THE PROBLEM:
Transcribe the data exactly. Leave nothing out.

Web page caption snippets
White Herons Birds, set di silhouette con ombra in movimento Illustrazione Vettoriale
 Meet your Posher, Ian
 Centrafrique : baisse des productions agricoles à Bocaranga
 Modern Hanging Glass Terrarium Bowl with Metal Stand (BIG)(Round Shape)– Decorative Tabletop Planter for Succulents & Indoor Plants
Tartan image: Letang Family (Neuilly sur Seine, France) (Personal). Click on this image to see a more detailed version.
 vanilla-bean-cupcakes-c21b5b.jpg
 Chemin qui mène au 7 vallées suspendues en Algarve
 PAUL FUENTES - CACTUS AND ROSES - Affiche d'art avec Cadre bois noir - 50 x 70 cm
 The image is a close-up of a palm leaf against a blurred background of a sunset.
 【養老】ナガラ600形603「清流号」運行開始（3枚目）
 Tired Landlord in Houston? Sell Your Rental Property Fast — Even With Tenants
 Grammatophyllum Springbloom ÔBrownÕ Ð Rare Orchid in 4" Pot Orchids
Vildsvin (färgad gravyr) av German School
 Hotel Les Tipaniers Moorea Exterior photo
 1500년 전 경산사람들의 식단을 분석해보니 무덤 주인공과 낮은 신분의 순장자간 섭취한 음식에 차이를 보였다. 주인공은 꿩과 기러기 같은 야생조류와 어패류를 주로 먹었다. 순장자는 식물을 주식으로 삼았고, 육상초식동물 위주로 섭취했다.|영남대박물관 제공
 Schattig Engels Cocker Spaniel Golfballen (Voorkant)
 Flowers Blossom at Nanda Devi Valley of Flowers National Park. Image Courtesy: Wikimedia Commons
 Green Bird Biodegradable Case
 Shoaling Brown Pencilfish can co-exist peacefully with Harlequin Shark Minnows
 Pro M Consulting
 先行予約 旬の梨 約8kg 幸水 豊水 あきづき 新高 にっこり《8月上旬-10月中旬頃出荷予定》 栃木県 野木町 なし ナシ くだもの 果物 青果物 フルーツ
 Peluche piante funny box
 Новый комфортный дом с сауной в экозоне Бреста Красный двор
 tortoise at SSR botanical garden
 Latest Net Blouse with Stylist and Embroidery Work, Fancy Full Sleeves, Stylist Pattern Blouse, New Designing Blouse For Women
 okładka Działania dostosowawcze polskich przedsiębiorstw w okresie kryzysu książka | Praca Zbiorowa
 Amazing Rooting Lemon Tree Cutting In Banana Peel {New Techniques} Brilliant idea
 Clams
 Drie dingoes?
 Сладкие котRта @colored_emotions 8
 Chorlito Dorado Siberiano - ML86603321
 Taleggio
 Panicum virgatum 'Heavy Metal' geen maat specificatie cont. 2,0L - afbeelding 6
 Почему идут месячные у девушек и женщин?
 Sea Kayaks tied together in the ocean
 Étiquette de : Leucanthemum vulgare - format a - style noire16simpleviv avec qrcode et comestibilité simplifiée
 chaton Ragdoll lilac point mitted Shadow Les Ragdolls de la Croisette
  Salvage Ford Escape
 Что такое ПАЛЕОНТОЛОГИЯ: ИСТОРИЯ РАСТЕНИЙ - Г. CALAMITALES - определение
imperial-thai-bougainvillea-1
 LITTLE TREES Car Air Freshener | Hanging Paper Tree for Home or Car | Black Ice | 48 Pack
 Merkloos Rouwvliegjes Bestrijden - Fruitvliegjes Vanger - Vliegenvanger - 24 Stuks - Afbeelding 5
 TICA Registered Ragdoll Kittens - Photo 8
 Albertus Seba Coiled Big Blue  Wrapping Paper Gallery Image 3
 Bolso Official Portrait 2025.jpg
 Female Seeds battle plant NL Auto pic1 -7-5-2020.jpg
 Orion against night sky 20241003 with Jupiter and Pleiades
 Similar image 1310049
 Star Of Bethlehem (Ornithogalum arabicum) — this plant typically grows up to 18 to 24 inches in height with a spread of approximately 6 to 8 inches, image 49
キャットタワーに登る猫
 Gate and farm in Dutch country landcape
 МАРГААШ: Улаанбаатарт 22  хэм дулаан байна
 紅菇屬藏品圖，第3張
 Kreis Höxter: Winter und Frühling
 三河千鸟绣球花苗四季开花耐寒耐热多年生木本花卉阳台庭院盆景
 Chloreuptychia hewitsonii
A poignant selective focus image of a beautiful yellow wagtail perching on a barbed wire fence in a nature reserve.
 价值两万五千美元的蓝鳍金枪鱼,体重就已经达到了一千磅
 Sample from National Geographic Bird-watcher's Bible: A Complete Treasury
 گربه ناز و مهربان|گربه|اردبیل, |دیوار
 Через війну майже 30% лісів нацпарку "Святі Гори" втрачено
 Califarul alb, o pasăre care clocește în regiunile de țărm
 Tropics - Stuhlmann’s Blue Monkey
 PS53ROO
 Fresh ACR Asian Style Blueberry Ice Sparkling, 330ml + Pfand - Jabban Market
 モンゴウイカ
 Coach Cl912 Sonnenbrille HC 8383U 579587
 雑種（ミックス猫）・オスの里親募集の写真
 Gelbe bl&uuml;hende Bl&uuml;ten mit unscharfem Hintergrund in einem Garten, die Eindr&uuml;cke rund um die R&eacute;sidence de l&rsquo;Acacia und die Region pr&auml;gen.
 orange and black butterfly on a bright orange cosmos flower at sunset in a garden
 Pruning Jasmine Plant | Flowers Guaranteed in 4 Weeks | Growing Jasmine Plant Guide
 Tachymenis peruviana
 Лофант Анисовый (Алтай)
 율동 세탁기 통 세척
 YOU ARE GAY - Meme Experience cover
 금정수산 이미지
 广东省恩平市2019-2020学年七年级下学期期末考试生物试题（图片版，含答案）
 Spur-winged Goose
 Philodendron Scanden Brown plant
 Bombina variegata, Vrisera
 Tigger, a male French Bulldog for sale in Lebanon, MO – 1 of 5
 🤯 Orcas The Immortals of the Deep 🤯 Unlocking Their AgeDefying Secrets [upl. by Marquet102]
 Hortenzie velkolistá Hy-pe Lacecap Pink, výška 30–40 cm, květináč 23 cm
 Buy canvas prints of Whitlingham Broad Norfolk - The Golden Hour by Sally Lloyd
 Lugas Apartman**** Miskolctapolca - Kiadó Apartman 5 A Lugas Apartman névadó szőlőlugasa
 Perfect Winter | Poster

REPLY:
White Herons Birds, set di silhouette con ombra in movimento Illustrazione Vettoriale
 Meet your Posher, Ian
 Centrafrique : baisse des productions agricoles à Bocaranga
 Modern Hanging Glass Terrarium Bowl with Metal Stand (BIG)(Round Shape)– Decorative Tabletop Planter for Succulents & Indoor Plants
Tartan image: Letang Family (Neuilly sur Seine, France) (Personal). Click on this image to see a more detailed version.
 vanilla-bean-cupcakes-c21b5b.jpg
 Chemin qui mène au 7 vallées suspendues en Algarve
 PAUL FUENTES - CACTUS AND ROSES - Affiche d'art avec Cadre bois noir - 50 x 70 cm
 The image is a close-up of a palm leaf against a blurred background of a sunset.
 【養老】ナガラ600形603「清流号」運行開始（3枚目）
 Tired Landlord in Houston? Sell Your Rental Property Fast — Even With Tenants
 Grammatophyllum Springbloom ÔBrownÕ Ð Rare Orchid in 4" Pot Orchids
Vildsvin (färgad gravyr) av German School
 Hotel Les Tipaniers Moorea Exterior photo
 1500년 전 경산사람들의 식단을 분석해보니 무덤 주인공과 낮은 신분의 순장자간 섭취한 음식에 차이를 보였다. 주인공은 꿩과 기러기 같은 야생조류와 어패류를 주로 먹었다. 순장자는 식물을 주식으로 삼았고, 육상초식동물 위주로 섭취했다.|영남대박물관 제공
 Schattig Engels Cocker Spaniel Golfballen (Voorkant)
 Flowers Blossom at Nanda Devi Valley of Flowers National Park. Image Courtesy: Wikimedia Commons
 Green Bird Biodegradable Case
 Shoaling Brown Pencilfish can co-exist peacefully with Harlequin Shark Minnows
 Pro M Consulting
 先行予約 旬の梨 約8kg 幸水 豊水 あきづき 新高 にっこり《8月上旬-10月中旬頃出荷予定》 栃木県 野木町 なし ナシ くだもの 果物 青果物 フルーツ
 Peluche piante funny box
 Новый комфортный дом с сауной в экозоне Бреста Красный двор
 tortoise at SSR botanical garden
 Latest Net Blouse with Stylist and Embroidery Work, Fancy Full Sleeves, Stylist Pattern Blouse, New Designing Blouse For Women
 okładka Działania dostosowawcze polskich przedsiębiorstw w okresie kryzysu książka | Praca Zbiorowa
 Amazing Rooting Lemon Tree Cutting In Banana Peel {New Techniques} Brilliant idea
 Clams
 Drie dingoes?
 Сладкие котRта @colored_emotions 8
 Chorlito Dorado Siberiano - ML86603321
 Taleggio
 Panicum virgatum 'Heavy Metal' geen maat specificatie cont. 2,0L - afbeelding 6
 Почему идут месячные у девушек и женщин?
 Sea Kayaks tied together in the ocean
 Étiquette de : Leucanthemum vulgare - format a - style noire16simpleviv avec qrcode et comestibilité simplifiée
 chaton Ragdoll lilac point mitted Shadow Les Ragdolls de la Croisette
  Salvage Ford Escape
 Что такое ПАЛЕОНТОЛОГИЯ: ИСТОРИЯ РАСТЕНИЙ - Г. CALAMITALES - определение
imperial-thai-bougainvillea-1
 LITTLE TREES Car Air Freshener | Hanging Paper Tree for Home or Car | Black Ice | 48 Pack
 Merkloos Rouwvliegjes Bestrijden - Fruitvliegjes Vanger - Vliegenvanger - 24 Stuks - Afbeelding 5
 TICA Registered Ragdoll Kittens - Photo 8
 Albertus Seba Coiled Big Blue  Wrapping Paper Gallery Image 3
 Bolso Official Portrait 2025.jpg
 Female Seeds battle plant NL Auto pic1 -7-5-2020.jpg
 Orion against night sky 20241003 with Jupiter and Pleiades
 Similar image 1310049
 Star Of Bethlehem (Ornithogalum arabicum) — this plant typically grows up to 18 to 24 inches in height with a spread of approximately 6 to 8 inches, image 49
キャットタワーに登る猫
 Gate and farm in Dutch country landcape
 МАРГААШ: Улаанбаатарт 22  хэм дулаан байна
 紅菇屬藏品圖，第3張
 Kreis Höxter: Winter und Frühling
 三河千鸟绣球花苗四季开花耐寒耐热多年生木本花卉阳台庭院盆景
 Chloreuptychia hewitsonii
A poignant selective focus image of a beautiful yellow wagtail perching on a barbed wire fence in a nature reserve.
 价值两万五千美元的蓝鳍金枪鱼,体重就已经达到了一千磅
 Sample from National Geographic Bird-watcher's Bible: A Complete Treasury
 گربه ناز و مهربان|گربه|اردبیل, |دیوار
 Через війну майже 30% лісів нацпарку "Святі Гори" втрачено
 Califarul alb, o pasăre care clocește în regiunile de țărm
 Tropics - Stuhlmann’s Blue Monkey
 PS53ROO
 Fresh ACR Asian Style Blueberry Ice Sparkling, 330ml + Pfand - Jabban Market
 モンゴウイカ
 Coach Cl912 Sonnenbrille HC 8383U 579587
 雑種（ミックス猫）・オスの里親募集の写真
 Gelbe bl&uuml;hende Bl&uuml;ten mit unscharfem Hintergrund in einem Garten, die Eindr&uuml;cke rund um die R&eacute;sidence de l&rsquo;Acacia und die Region pr&auml;gen.
 orange and black butterfly on a bright orange cosmos flower at sunset in a garden
 Pruning Jasmine Plant | Flowers Guaranteed in 4 Weeks | Growing Jasmine Plant Guide
 Tachymenis peruviana
 Лофант Анисовый (Алтай)
 율동 세탁기 통 세척
 YOU ARE GAY - Meme Experience cover
 금정수산 이미지
 广东省恩平市2019-2020学年七年级下学期期末考试生物试题（图片版，含答案）
 Spur-winged Goose
 Philodendron Scanden Brown plant
 Bombina variegata, Vrisera
 Tigger, a male French Bulldog for sale in Lebanon, MO – 1 of 5
 🤯 Orcas The Immortals of the Deep 🤯 Unlocking Their AgeDefying Secrets [upl. by Marquet102]
 Hortenzie velkolistá Hy-pe Lacecap Pink, výška 30–40 cm, květináč 23 cm
 Buy canvas prints of Whitlingham Broad Norfolk - The Golden Hour by Sally Lloyd
 Lugas Apartman**** Miskolctapolca - Kiadó Apartman 5 A Lugas Apartman névadó szőlőlugasa
 Perfect Winter | Poster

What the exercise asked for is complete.